The U.S. Federal Reserve must reverse its super-easy monetary policy or risk fueling runaway prices, a top Fed official known for his hawkish views on inflation said Monday.
"There's enormous liquidity in the system," said Dallas Federal Reserve Bank President Richard Fisher, a voting member this year of the Fed's policysetting panel. "We need to tighten policy or give rise to inflationary forces."
The Fed has kept interest rates near zero for two and a half years, and has bought more than $2 trillion in long-term securities to push borrowing costs still lower and help pull the U.S. economy from its worst recession since the Great Depression.
With recent economic data falling short of expectations, the Fed is not expected to start raising rates until late next year, based on trading of short-term U.S. interest rate futures at the Chicago Board of Trade.
Fisher did not say when he believes the Fed should start removing accommodation, although several of his more hawkish colleagues have called for tightening as soon as this year. The Fed's policysetting panel meets next week.
Fisher repeated earlier comments that the U.S. central bank has done its job and should not add any further stimulus.

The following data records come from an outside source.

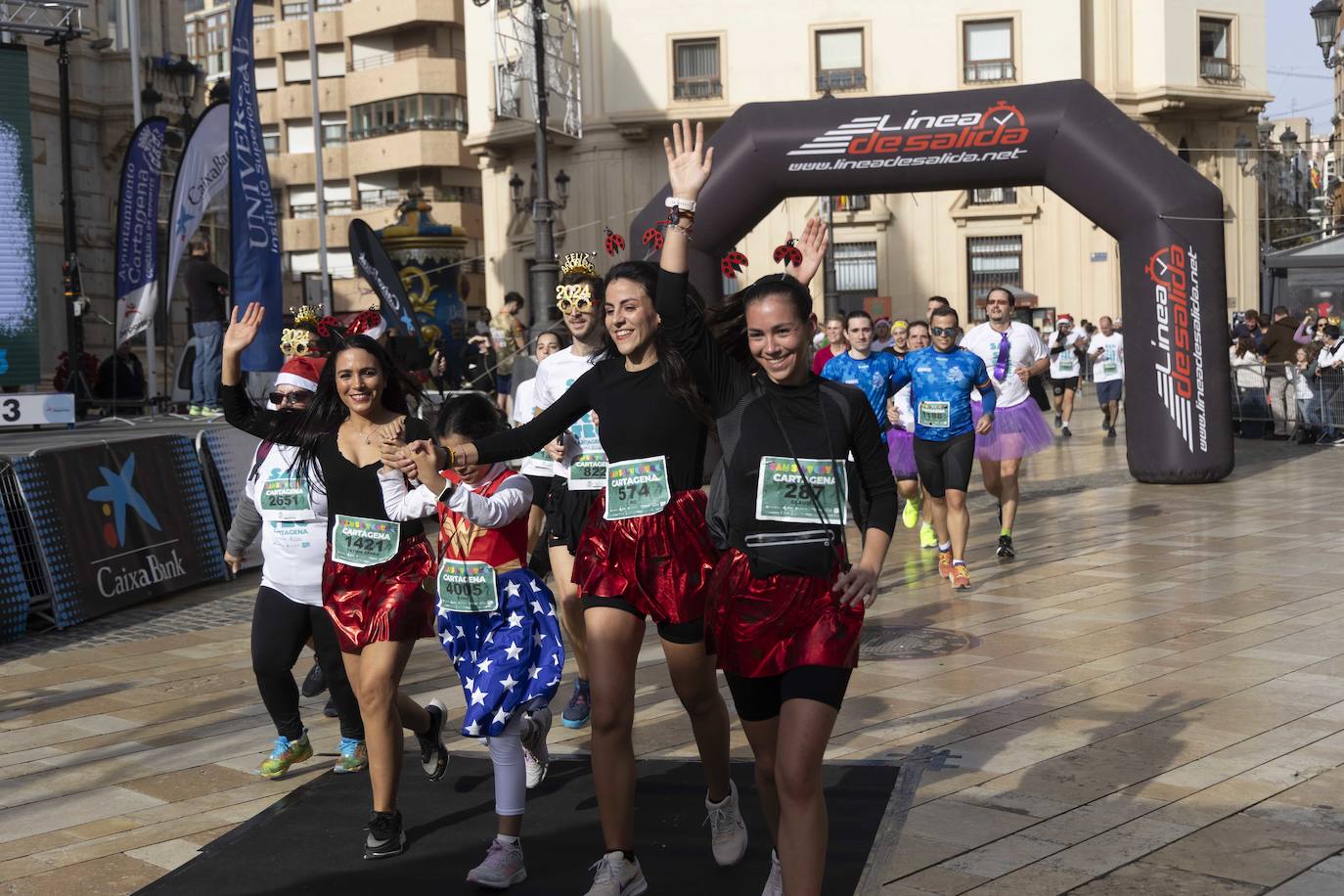 La llegada de la carrera San Silvestre 2023, en imágenes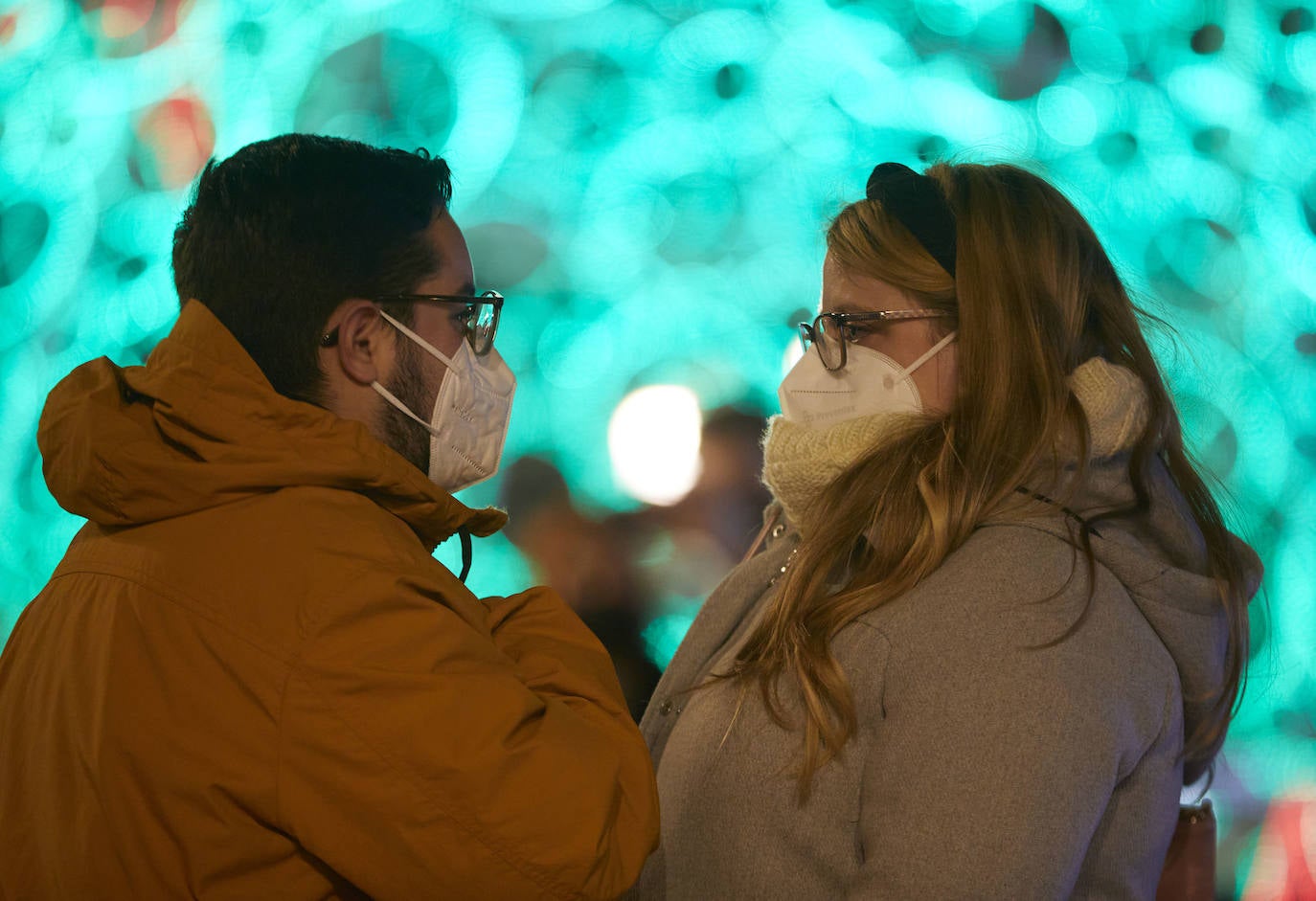 El coronavirus no puede con la Navidad en Valencia. El mercadillo de artesanía, el carrusel y la feria de atracciones concentran la atención de adultos y pequeños. 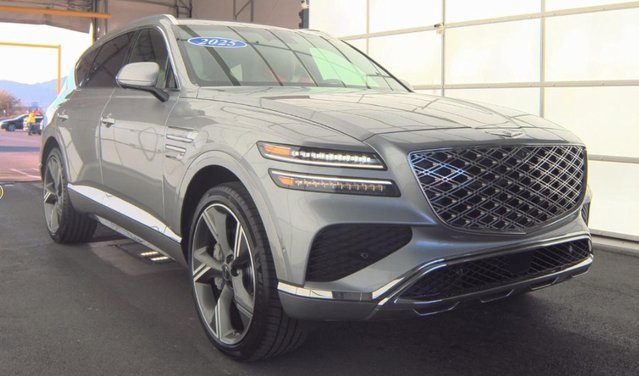 Used 2025 Genesis GV80 3.5T Prestige image 3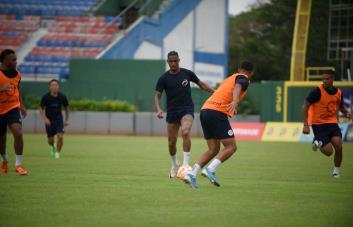 República Dominicana aplasta a Islas Vírgenes Británicas con dobletes de Mata y Romero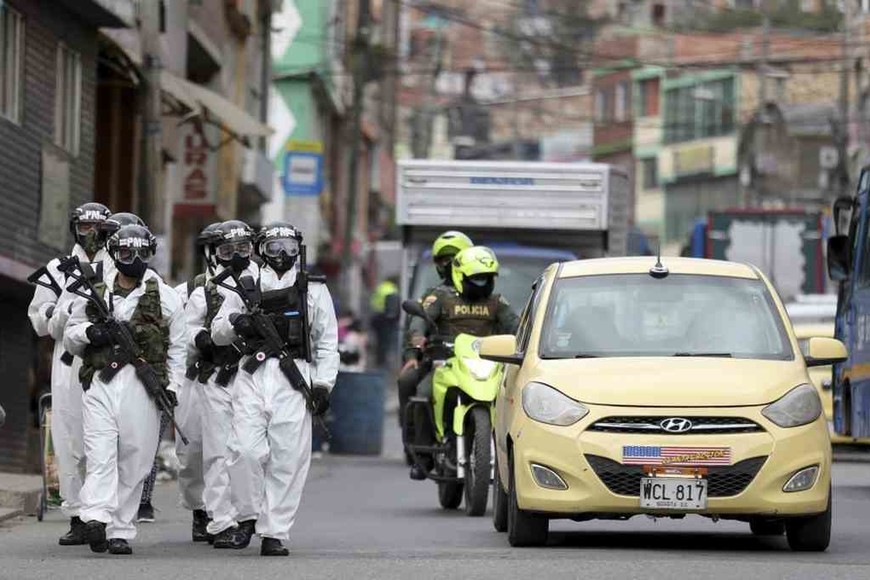 ELLITORAL_347642 |  Agencias Soldados con trajes de protección contra el coronavirus patrullan Ciudad Bolívar, un vecindario con muchos contagios, en julio de 2020, en Bogotá, Colombia.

On that view even the Fed's more dovish members concur, saying the bar is very high for further bond-buying. The Fed is set to complete a $600 billion round of Treasury buying this month, and Fed Chairman Ben Bernanke last week gave no suggestion he would call for further purchases.
Fisher repeated his view that it is up to Congress to keep the recovery on track by clarifying the outlook for tax policy and regulation. It also will help, he said, when growing demand becomes more obvious.
"Our job is not to propel the economy all by ourselves. Our job is to provide the fuel, but not to flood it, so as to create inflation," Fisher said.